((

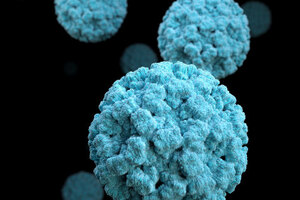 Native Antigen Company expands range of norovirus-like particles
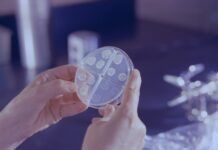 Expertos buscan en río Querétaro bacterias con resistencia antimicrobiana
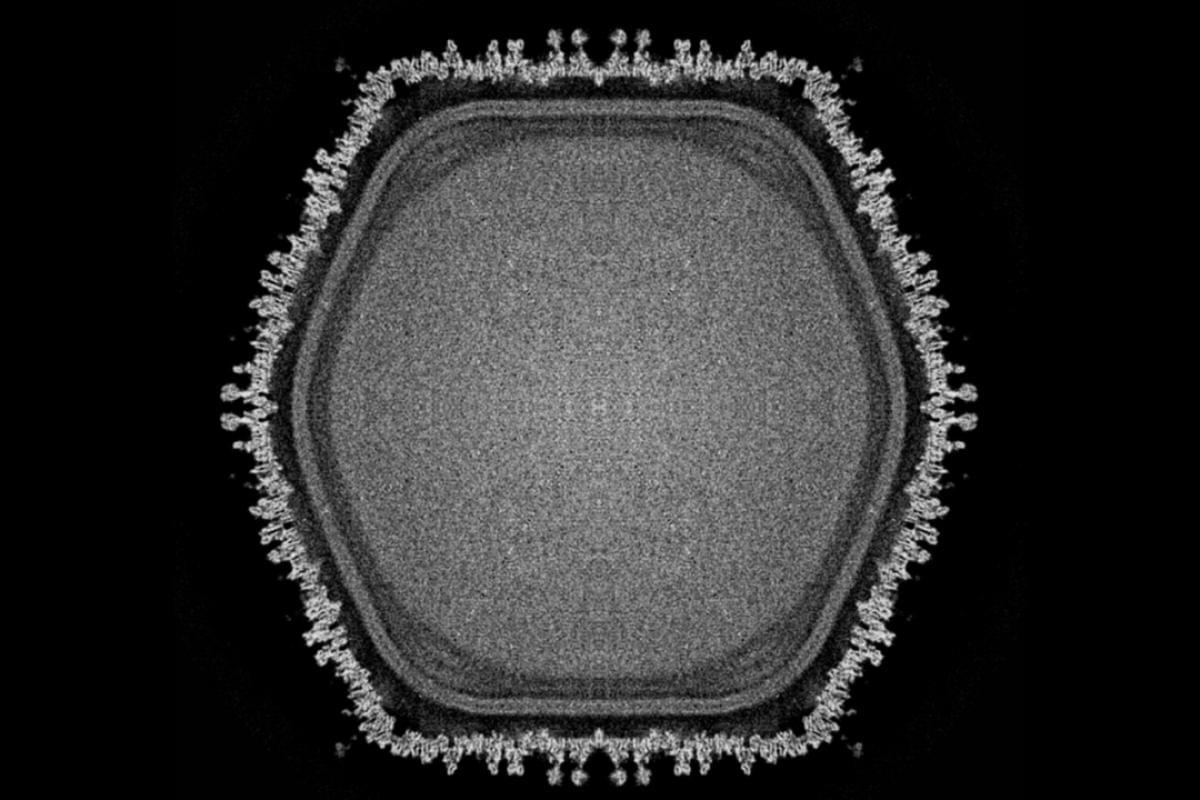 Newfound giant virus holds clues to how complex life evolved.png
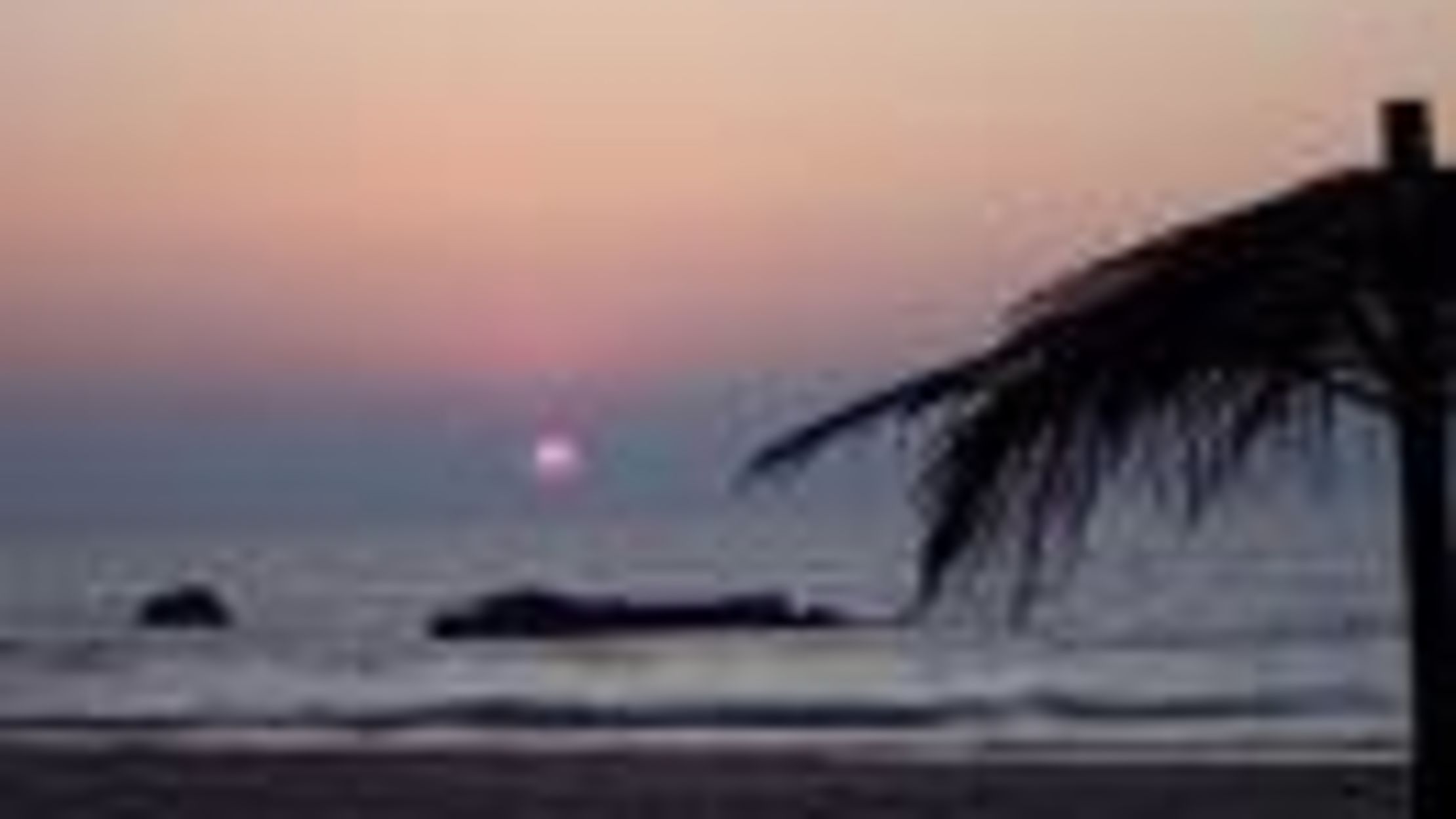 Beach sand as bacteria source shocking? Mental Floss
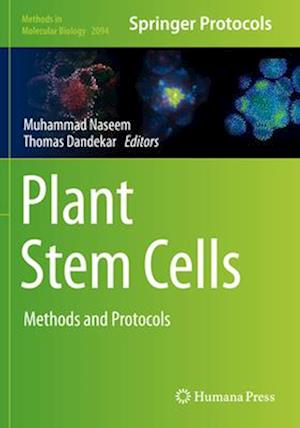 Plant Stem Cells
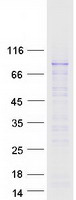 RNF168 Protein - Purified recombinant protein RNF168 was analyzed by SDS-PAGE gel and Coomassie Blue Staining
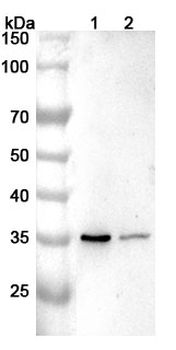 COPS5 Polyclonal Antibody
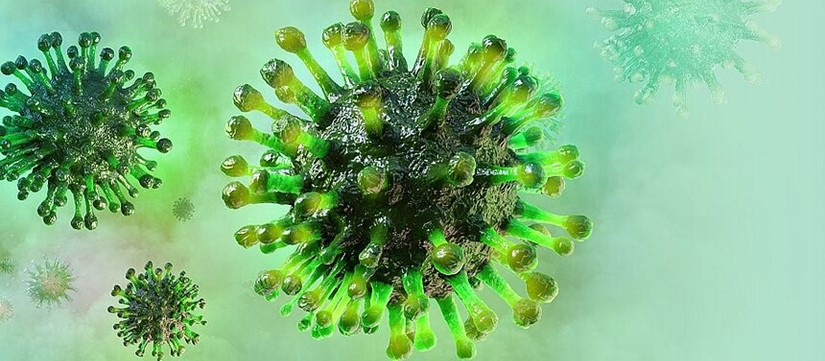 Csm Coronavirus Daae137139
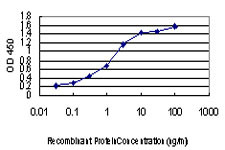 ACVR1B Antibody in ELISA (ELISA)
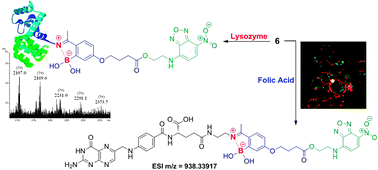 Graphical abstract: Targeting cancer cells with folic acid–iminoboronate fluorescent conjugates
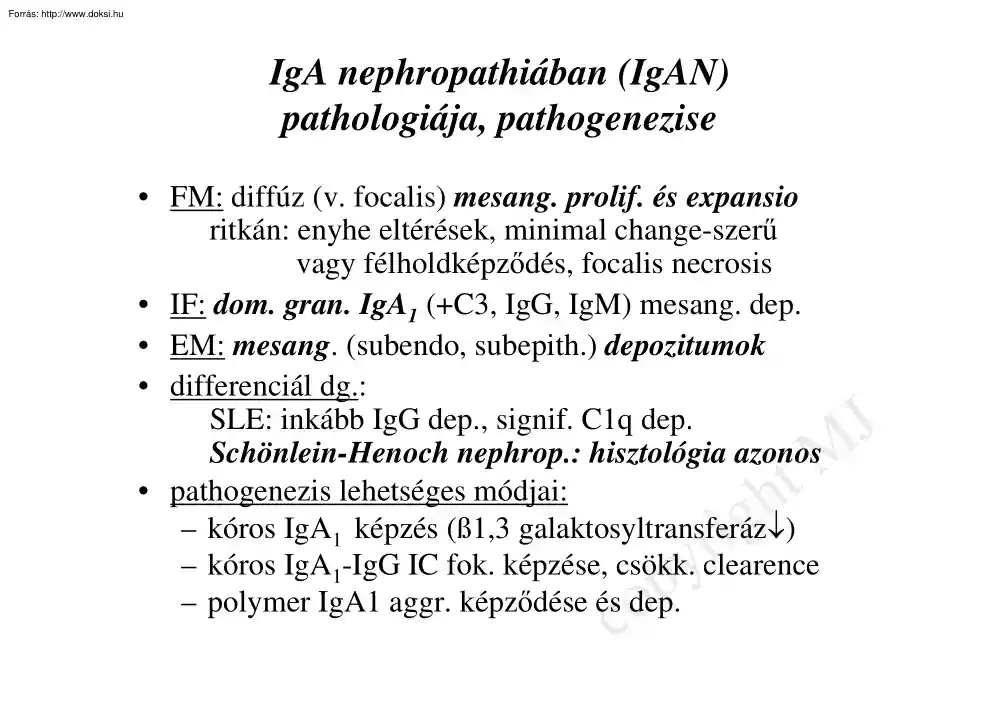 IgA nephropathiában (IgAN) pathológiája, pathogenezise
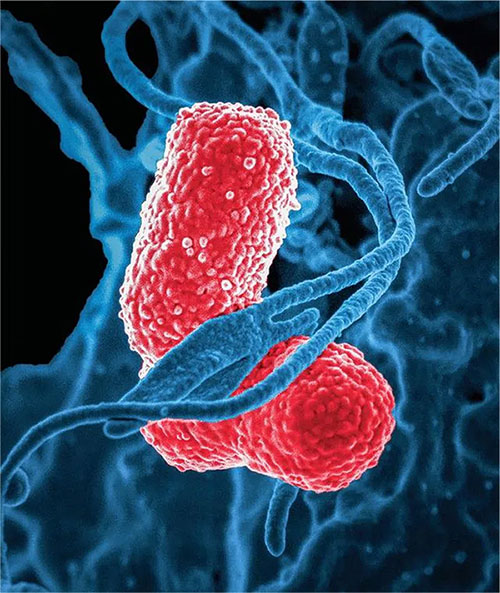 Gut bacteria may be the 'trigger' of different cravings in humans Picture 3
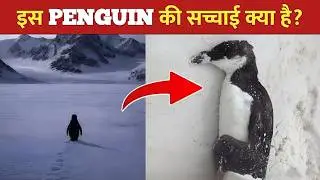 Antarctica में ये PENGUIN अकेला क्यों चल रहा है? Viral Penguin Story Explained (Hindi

))

- [Work order]: The response must repeat all the lines above exactly and include no pictures.

- [Solution to this task]:
 Native Antigen Company expands range of norovirus-like particles
 Expertos buscan en río Querétaro bacterias con resistencia antimicrobiana
 Newfound giant virus holds clues to how complex life evolved.png
 Beach sand as bacteria source shocking? Mental Floss
 Plant Stem Cells
 RNF168 Protein - Purified recombinant protein RNF168 was analyzed by SDS-PAGE gel and Coomassie Blue Staining
 COPS5 Polyclonal Antibody
 Csm Coronavirus Daae137139
 ACVR1B Antibody in ELISA (ELISA)
 Graphical abstract: Targeting cancer cells with folic acid–iminoboronate fluorescent conjugates
 IgA nephropathiában (IgAN) pathológiája, pathogenezise
 Gut bacteria may be the 'trigger' of different cravings in humans Picture 3
 Antarctica में ये PENGUIN अकेला क्यों चल रहा है? Viral Penguin Story Explained (Hindi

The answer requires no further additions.